ConJur — A questão das prerrogativas foi uma pauta importante da campanha da senhora. Quais as medidas mais urgentes que precisam ser tomadas para defender as prerrogativas dos advogados paranaenses?
Marilena — O Código de Processo Civil retrata uma luta da advocacia, que é a regulamentação dos honorários. O artigo 85 diz claramente que pertencem ao advogado e que constituem verba alimentar. Isso é jurisprudência sedimentada até no STF. Honorários têm prioridade porque é verba alimentar e tem que ser fixado de uma forma digna, correspondente com a responsabilidade que é dessa profissão. O que está acontecendo hoje é que, apesar da construção do CPC, os juízes estão aplicando a equidade inversa, segundo a qual se não for possível aplicar os parâmetros estabelecidos no artigo 85, é possível fazer um arbitramento a juízo do julgador, de forma indiscriminada. Tal regra está sendo aplicada em muitos casos, deixando de lado o parâmetro de 10% a 20% do valor da causa para fixação dos honorário. Será uma luta nossa.

Para além dessa questão, no ponto de prerrogativas, é fundamental o respeito ao papel e à dignidade da advocacia. Queremos atuar de modo a estabelecer uma cultura de respeito, com a criação da Escola de Prerrogativas. A OAB quer conversar com as autoridades, com a Polícia, com a Guarda Municipal, com os órgãos públicos, para que eles possam compreender a importância do respeito às prerrogativas da nossa profissão. Não é individual, mas sim do exercício profissional, que é, enfim, a garantia da defesa do cidadão. Isso é fundamental no estado democrático. Temos clara a ideia de que advogado forte é sinônimo de uma democracia forte, de uma democracia respeitada, e de uma Constituição respeitada.

ConJur — A chapa da senhora teve uma vantagem considerável em relação ao segundo colocado. A que atribui essa vitória?
Marilena — Percebi durante minha campanha muita gente entusiasmada com o fato de ser uma mulher pela primeira vez na história. Esse fato me parece que pesou bastante. Mas não foi só isso. A advocacia avaliou que nossa chapa tinha propostas claras e viáveis. E os eleitores perceberam que nossos projetos eram voltados para a maior inclusão da advocacia vulnerável, o que realmente atendem uma demanda presente.

Acho que também foi um fator importante o modo como foi composta nossa chapa. Procurei compor a chapa de forma que representasse diversos segmentos. O meu vice é um advogado do interior, que poderá ajudar com projetos para esse segmento. Coloquei na diretoria advogados de alguns segmentos que nunca apareciam antes, como o previdenciário.

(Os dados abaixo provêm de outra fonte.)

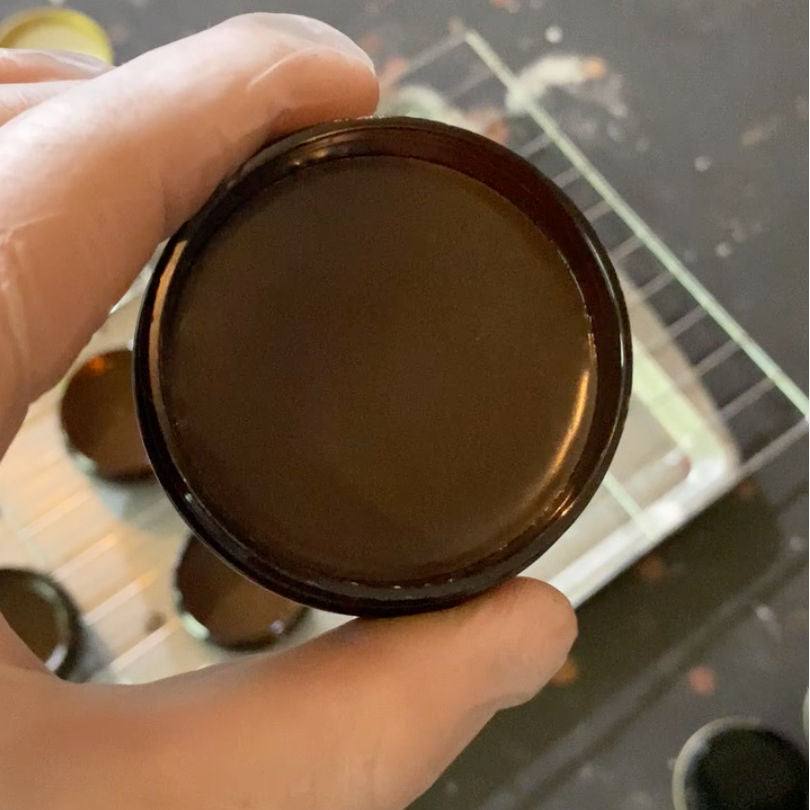 Brown Water Resistant Leather Cream used for preventing water spotting and rain penetration of brown leather shoes and boots - held in a gloved hand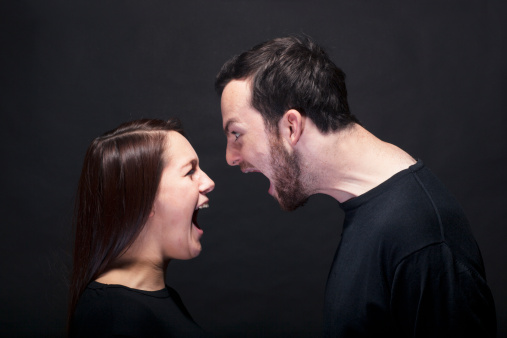 young man and woman shouting at each other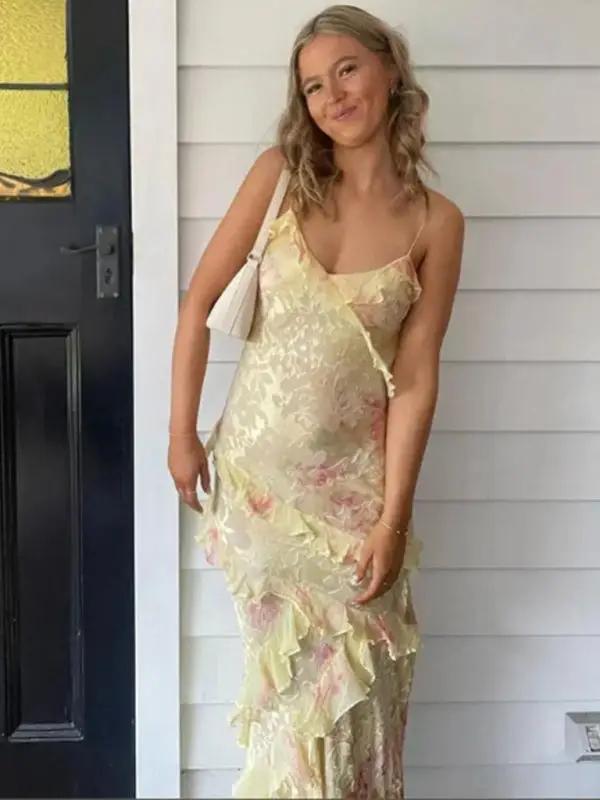 Smiling woman in wavy edge suspender dress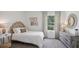 Cozy bedroom featuring a bed, rattan accents, a window with patterned curtains, and neutral decor at 4381 Sand Dollar Way, Zephyrhills, FL 33541
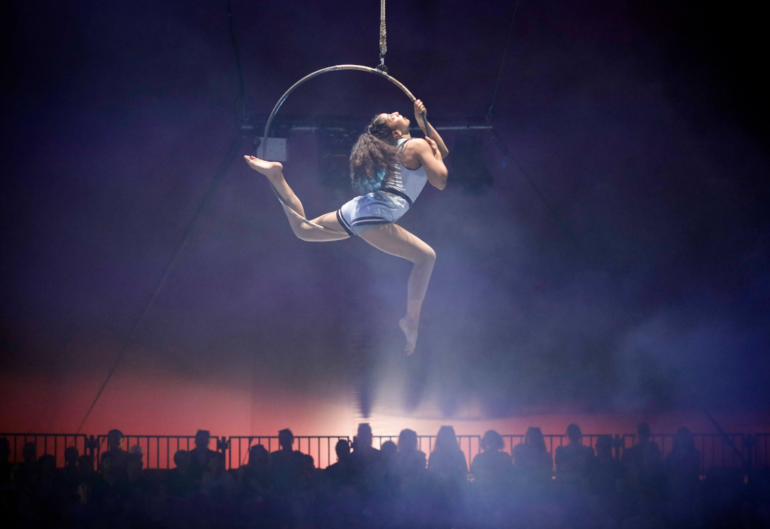 Aerial acrobat performing in a dark circus tent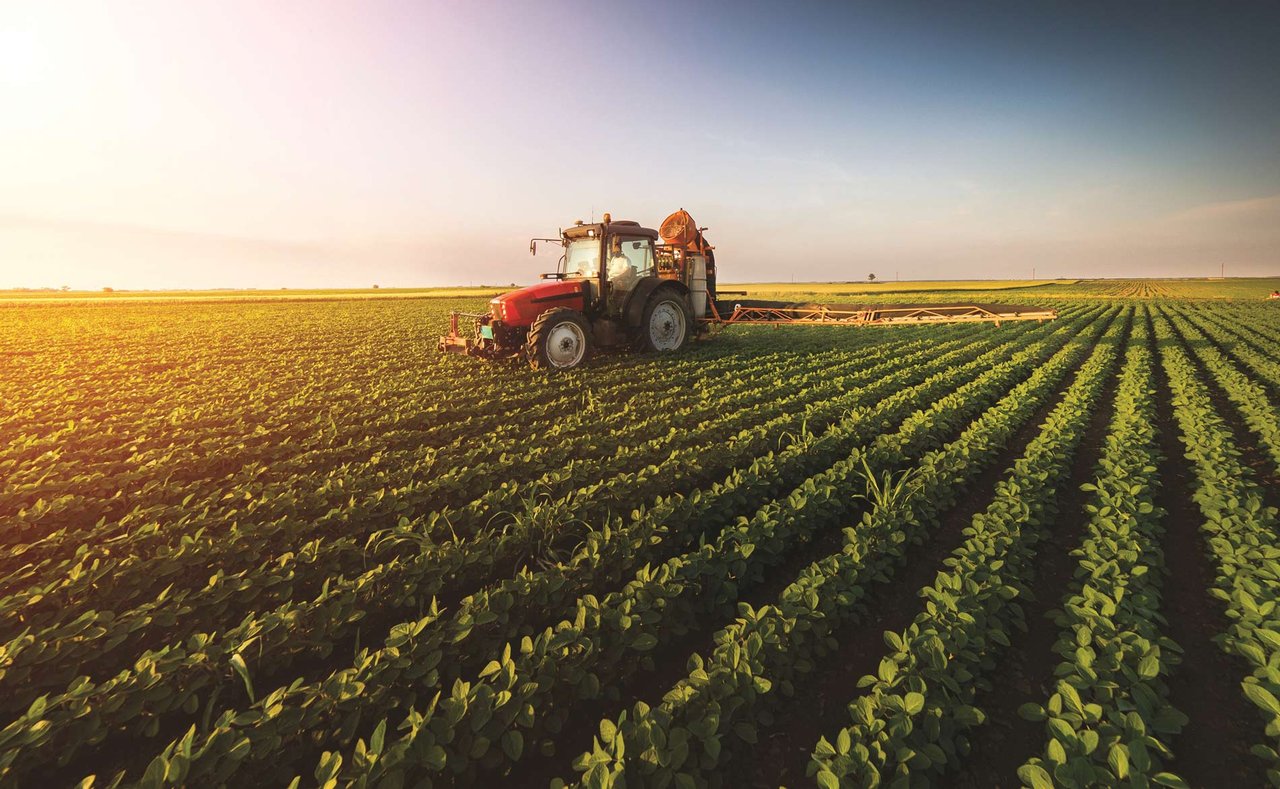 Image of tractor in a field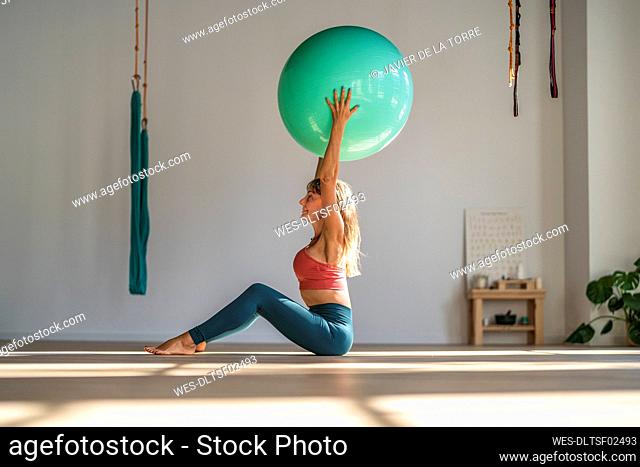 Woman exercising with fitness ball sitting in yoga studio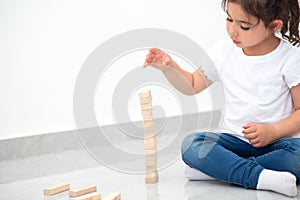 Beautiful girl builds a tower.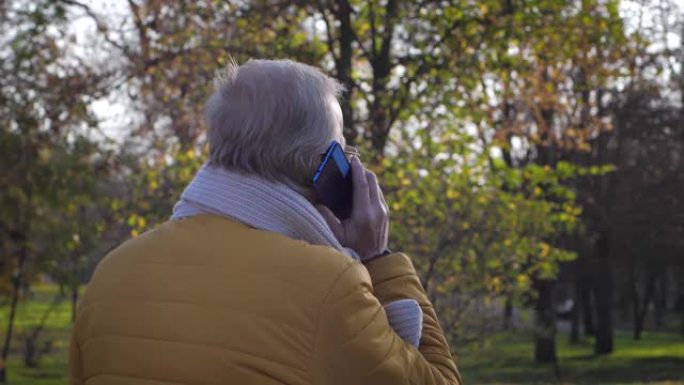 退休人员在秋季公园散步时用手机聊天，现代老年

Criei uma diretoria da jovem advocacia. Assim, quando falo que a minha meta é uma advocacia de excelência, penso muito numa visão da advocacia do Paraná cooperando e com pontos de vista diferentes. Quer dizer, é criar um sentido colaborativo entre os advogados paranaenses. Então acho que isso foi algo que encantou um pouco as pessoas pelo nosso projeto. Essa entrega e esse desejo de trazer qualidade.

ConJur — A OAB-PR foi uma das primeiras seccionais em que aconteceram eleições híbridas. Como a senhora avaliou a experiência?
Marilena — Foi muito positiva e o feedback da advocacia também. Não tivemos nenhum tipo de problema com isso. O resultado veio muito rápido. As eleições foram tranquilas. Pouca gente foi votar presencialmente. Tivemos o menor índice de abstenção da nossa história — 85% dos advogados aptos votaram.

ConJur — Quais são as políticas que pretende implementar para aumentar a transparência de gastos?
Marilena — Na atual gestão, investimos muito no nosso Portal da Transparência. No último colégio de tesoureiros da OAB, nosso portal foi considerado um dos melhores do Brasil, exatamente porque colocamos lá todas as despesas. E isso, para mim, é um ponto de honra. Sou advogada pública. O meu trabalho é, essencialmente, fazer o controle da legalidade, inclusive das contas. Não existe gestão sem transparência e prestação de contas. E se puder ser melhor ainda, ela vai ser. Somos a única seccional do Brasil, salvo engano, com a certificação ISO 9001, pois fizemos a descrição dos processos de todos os departamentos. Também já possuímos um programa de compliance e implementamos um portal de compras.